Short web captions:
▬▬▬▬▬▬▬▬▬▬
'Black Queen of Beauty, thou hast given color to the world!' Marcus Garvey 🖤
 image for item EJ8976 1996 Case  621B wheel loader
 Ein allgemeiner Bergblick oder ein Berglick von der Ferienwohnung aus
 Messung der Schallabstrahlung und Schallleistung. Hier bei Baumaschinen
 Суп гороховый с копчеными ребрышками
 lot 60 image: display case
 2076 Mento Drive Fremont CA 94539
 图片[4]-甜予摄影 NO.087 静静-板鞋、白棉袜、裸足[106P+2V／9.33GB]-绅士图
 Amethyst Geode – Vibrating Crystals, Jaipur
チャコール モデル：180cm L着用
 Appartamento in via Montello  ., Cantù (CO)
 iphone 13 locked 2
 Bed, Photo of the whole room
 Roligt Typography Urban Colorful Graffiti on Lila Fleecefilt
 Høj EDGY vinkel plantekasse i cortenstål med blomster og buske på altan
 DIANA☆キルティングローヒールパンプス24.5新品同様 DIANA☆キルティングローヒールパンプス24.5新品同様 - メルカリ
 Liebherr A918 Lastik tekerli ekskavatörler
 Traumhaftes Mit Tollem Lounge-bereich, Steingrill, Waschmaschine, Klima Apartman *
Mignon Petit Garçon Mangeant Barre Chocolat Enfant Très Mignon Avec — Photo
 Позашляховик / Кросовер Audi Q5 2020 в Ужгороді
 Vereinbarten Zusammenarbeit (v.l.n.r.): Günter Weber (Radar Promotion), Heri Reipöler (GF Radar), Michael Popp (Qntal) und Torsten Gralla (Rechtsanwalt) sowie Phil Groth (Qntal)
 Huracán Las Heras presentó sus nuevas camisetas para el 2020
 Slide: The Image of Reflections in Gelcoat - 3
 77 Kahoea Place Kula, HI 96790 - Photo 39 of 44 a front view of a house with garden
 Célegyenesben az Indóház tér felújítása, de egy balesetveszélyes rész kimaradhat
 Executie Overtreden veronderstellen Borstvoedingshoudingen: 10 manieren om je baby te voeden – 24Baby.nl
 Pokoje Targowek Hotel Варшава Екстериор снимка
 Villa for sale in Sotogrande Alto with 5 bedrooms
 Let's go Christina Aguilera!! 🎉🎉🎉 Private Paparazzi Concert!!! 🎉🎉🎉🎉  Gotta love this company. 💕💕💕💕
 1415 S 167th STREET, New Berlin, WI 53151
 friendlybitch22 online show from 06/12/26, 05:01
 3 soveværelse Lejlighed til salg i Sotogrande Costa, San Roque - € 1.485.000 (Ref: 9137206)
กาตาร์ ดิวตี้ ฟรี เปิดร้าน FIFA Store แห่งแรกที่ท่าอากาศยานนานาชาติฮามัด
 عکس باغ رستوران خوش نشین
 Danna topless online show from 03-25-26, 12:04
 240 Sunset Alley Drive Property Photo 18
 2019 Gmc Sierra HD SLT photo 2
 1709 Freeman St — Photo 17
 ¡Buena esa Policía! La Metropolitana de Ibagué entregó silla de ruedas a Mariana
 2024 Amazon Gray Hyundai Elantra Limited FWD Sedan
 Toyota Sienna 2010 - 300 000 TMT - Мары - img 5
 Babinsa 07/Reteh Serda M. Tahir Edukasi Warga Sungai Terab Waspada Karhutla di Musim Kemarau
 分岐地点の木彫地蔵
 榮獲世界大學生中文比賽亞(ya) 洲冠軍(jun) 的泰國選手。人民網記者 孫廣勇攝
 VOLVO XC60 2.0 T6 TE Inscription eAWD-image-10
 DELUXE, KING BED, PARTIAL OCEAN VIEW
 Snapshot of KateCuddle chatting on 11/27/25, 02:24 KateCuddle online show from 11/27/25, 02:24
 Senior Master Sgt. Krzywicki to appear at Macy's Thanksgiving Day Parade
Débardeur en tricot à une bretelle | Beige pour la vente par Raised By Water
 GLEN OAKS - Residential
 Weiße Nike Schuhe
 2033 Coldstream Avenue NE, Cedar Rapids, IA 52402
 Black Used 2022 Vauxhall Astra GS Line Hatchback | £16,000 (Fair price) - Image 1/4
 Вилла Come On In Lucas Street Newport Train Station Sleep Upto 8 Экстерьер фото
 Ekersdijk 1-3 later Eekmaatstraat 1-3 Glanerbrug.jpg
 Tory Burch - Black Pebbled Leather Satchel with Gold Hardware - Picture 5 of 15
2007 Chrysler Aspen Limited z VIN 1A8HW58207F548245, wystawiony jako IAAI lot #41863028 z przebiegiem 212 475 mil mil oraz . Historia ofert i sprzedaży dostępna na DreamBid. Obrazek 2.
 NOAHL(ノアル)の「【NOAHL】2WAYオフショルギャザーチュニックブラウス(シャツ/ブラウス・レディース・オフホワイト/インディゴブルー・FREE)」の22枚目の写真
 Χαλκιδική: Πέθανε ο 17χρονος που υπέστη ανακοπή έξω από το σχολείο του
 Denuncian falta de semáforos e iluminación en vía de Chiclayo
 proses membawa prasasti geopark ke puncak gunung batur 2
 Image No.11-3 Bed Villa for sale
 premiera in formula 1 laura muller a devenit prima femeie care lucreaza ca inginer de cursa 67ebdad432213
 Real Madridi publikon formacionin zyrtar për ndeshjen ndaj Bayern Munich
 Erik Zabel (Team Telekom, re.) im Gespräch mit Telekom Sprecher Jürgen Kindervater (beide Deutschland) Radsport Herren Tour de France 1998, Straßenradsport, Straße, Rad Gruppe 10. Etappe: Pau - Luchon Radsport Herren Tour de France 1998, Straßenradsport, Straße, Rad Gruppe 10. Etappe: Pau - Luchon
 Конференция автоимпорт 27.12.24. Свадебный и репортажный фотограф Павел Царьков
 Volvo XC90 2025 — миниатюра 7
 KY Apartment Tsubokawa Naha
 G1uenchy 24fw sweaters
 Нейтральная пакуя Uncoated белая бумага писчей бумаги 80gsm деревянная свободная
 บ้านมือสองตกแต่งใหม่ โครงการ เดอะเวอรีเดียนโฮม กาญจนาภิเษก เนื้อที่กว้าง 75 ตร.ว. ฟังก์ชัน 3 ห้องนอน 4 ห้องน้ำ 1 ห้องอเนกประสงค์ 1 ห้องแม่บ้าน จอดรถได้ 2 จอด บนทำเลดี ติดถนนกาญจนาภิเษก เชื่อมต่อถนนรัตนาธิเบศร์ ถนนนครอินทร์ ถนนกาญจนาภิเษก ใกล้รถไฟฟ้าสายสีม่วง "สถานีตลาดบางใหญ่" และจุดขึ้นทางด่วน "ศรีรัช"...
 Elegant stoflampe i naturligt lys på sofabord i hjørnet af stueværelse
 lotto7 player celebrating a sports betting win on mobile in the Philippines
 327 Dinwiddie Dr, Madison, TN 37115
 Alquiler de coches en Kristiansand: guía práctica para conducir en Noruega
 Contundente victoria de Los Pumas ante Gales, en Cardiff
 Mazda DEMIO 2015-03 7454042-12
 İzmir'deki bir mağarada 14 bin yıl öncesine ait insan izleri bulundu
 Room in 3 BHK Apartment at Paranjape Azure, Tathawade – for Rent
▬▬▬▬▬▬▬▬▬▬
§ **PROBLEM**
Each record above, in full: retype it verbatim.

§ **YOUR RESPONSE**
'Black Queen of Beauty, thou hast given color to the world!' Marcus Garvey 🖤
 image for item EJ8976 1996 Case  621B wheel loader
 Ein allgemeiner Bergblick oder ein Berglick von der Ferienwohnung aus
 Messung der Schallabstrahlung und Schallleistung. Hier bei Baumaschinen
 Суп гороховый с копчеными ребрышками
 lot 60 image: display case
 2076 Mento Drive Fremont CA 94539
 图片[4]-甜予摄影 NO.087 静静-板鞋、白棉袜、裸足[106P+2V／9.33GB]-绅士图
 Amethyst Geode – Vibrating Crystals, Jaipur
チャコール モデル：180cm L着用
 Appartamento in via Montello  ., Cantù (CO)
 iphone 13 locked 2
 Bed, Photo of the whole room
 Roligt Typography Urban Colorful Graffiti on Lila Fleecefilt
 Høj EDGY vinkel plantekasse i cortenstål med blomster og buske på altan
 DIANA☆キルティングローヒールパンプス24.5新品同様 DIANA☆キルティングローヒールパンプス24.5新品同様 - メルカリ
 Liebherr A918 Lastik tekerli ekskavatörler
 Traumhaftes Mit Tollem Lounge-bereich, Steingrill, Waschmaschine, Klima Apartman *
Mignon Petit Garçon Mangeant Barre Chocolat Enfant Très Mignon Avec — Photo
 Позашляховик / Кросовер Audi Q5 2020 в Ужгороді
 Vereinbarten Zusammenarbeit (v.l.n.r.): Günter Weber (Radar Promotion), Heri Reipöler (GF Radar), Michael Popp (Qntal) und Torsten Gralla (Rechtsanwalt) sowie Phil Groth (Qntal)
 Huracán Las Heras presentó sus nuevas camisetas para el 2020
 Slide: The Image of Reflections in Gelcoat - 3
 77 Kahoea Place Kula, HI 96790 - Photo 39 of 44 a front view of a house with garden
 Célegyenesben az Indóház tér felújítása, de egy balesetveszélyes rész kimaradhat
 Executie Overtreden veronderstellen Borstvoedingshoudingen: 10 manieren om je baby te voeden – 24Baby.nl
 Pokoje Targowek Hotel Варшава Екстериор снимка
 Villa for sale in Sotogrande Alto with 5 bedrooms
 Let's go Christina Aguilera!! 🎉🎉🎉 Private Paparazzi Concert!!! 🎉🎉🎉🎉  Gotta love this company. 💕💕💕💕
 1415 S 167th STREET, New Berlin, WI 53151
 friendlybitch22 online show from 06/12/26, 05:01
 3 soveværelse Lejlighed til salg i Sotogrande Costa, San Roque - € 1.485.000 (Ref: 9137206)
กาตาร์ ดิวตี้ ฟรี เปิดร้าน FIFA Store แห่งแรกที่ท่าอากาศยานนานาชาติฮามัด
 عکس باغ رستوران خوش نشین
 Danna topless online show from 03-25-26, 12:04
 240 Sunset Alley Drive Property Photo 18
 2019 Gmc Sierra HD SLT photo 2
 1709 Freeman St — Photo 17
 ¡Buena esa Policía! La Metropolitana de Ibagué entregó silla de ruedas a Mariana
 2024 Amazon Gray Hyundai Elantra Limited FWD Sedan
 Toyota Sienna 2010 - 300 000 TMT - Мары - img 5
 Babinsa 07/Reteh Serda M. Tahir Edukasi Warga Sungai Terab Waspada Karhutla di Musim Kemarau
 分岐地点の木彫地蔵
 榮獲世界大學生中文比賽亞(ya) 洲冠軍(jun) 的泰國選手。人民網記者 孫廣勇攝
 VOLVO XC60 2.0 T6 TE Inscription eAWD-image-10
 DELUXE, KING BED, PARTIAL OCEAN VIEW
 Snapshot of KateCuddle chatting on 11/27/25, 02:24 KateCuddle online show from 11/27/25, 02:24
 Senior Master Sgt. Krzywicki to appear at Macy's Thanksgiving Day Parade
Débardeur en tricot à une bretelle | Beige pour la vente par Raised By Water
 GLEN OAKS - Residential
 Weiße Nike Schuhe
 2033 Coldstream Avenue NE, Cedar Rapids, IA 52402
 Black Used 2022 Vauxhall Astra GS Line Hatchback | £16,000 (Fair price) - Image 1/4
 Вилла Come On In Lucas Street Newport Train Station Sleep Upto 8 Экстерьер фото
 Ekersdijk 1-3 later Eekmaatstraat 1-3 Glanerbrug.jpg
 Tory Burch - Black Pebbled Leather Satchel with Gold Hardware - Picture 5 of 15
2007 Chrysler Aspen Limited z VIN 1A8HW58207F548245, wystawiony jako IAAI lot #41863028 z przebiegiem 212 475 mil mil oraz . Historia ofert i sprzedaży dostępna na DreamBid. Obrazek 2.
 NOAHL(ノアル)の「【NOAHL】2WAYオフショルギャザーチュニックブラウス(シャツ/ブラウス・レディース・オフホワイト/インディゴブルー・FREE)」の22枚目の写真
 Χαλκιδική: Πέθανε ο 17χρονος που υπέστη ανακοπή έξω από το σχολείο του
 Denuncian falta de semáforos e iluminación en vía de Chiclayo
 proses membawa prasasti geopark ke puncak gunung batur 2
 Image No.11-3 Bed Villa for sale
 premiera in formula 1 laura muller a devenit prima femeie care lucreaza ca inginer de cursa 67ebdad432213
 Real Madridi publikon formacionin zyrtar për ndeshjen ndaj Bayern Munich
 Erik Zabel (Team Telekom, re.) im Gespräch mit Telekom Sprecher Jürgen Kindervater (beide Deutschland) Radsport Herren Tour de France 1998, Straßenradsport, Straße, Rad Gruppe 10. Etappe: Pau - Luchon Radsport Herren Tour de France 1998, Straßenradsport, Straße, Rad Gruppe 10. Etappe: Pau - Luchon
 Конференция автоимпорт 27.12.24. Свадебный и репортажный фотограф Павел Царьков
 Volvo XC90 2025 — миниатюра 7
 KY Apartment Tsubokawa Naha
 G1uenchy 24fw sweaters
 Нейтральная пакуя Uncoated белая бумага писчей бумаги 80gsm деревянная свободная
 บ้านมือสองตกแต่งใหม่ โครงการ เดอะเวอรีเดียนโฮม กาญจนาภิเษก เนื้อที่กว้าง 75 ตร.ว. ฟังก์ชัน 3 ห้องนอน 4 ห้องน้ำ 1 ห้องอเนกประสงค์ 1 ห้องแม่บ้าน จอดรถได้ 2 จอด บนทำเลดี ติดถนนกาญจนาภิเษก เชื่อมต่อถนนรัตนาธิเบศร์ ถนนนครอินทร์ ถนนกาญจนาภิเษก ใกล้รถไฟฟ้าสายสีม่วง "สถานีตลาดบางใหญ่" และจุดขึ้นทางด่วน "ศรีรัช"...
 Elegant stoflampe i naturligt lys på sofabord i hjørnet af stueværelse
 lotto7 player celebrating a sports betting win on mobile in the Philippines
 327 Dinwiddie Dr, Madison, TN 37115
 Alquiler de coches en Kristiansand: guía práctica para conducir en Noruega
 Contundente victoria de Los Pumas ante Gales, en Cardiff
 Mazda DEMIO 2015-03 7454042-12
 İzmir'deki bir mağarada 14 bin yıl öncesine ait insan izleri bulundu
 Room in 3 BHK Apartment at Paranjape Azure, Tathawade – for Rent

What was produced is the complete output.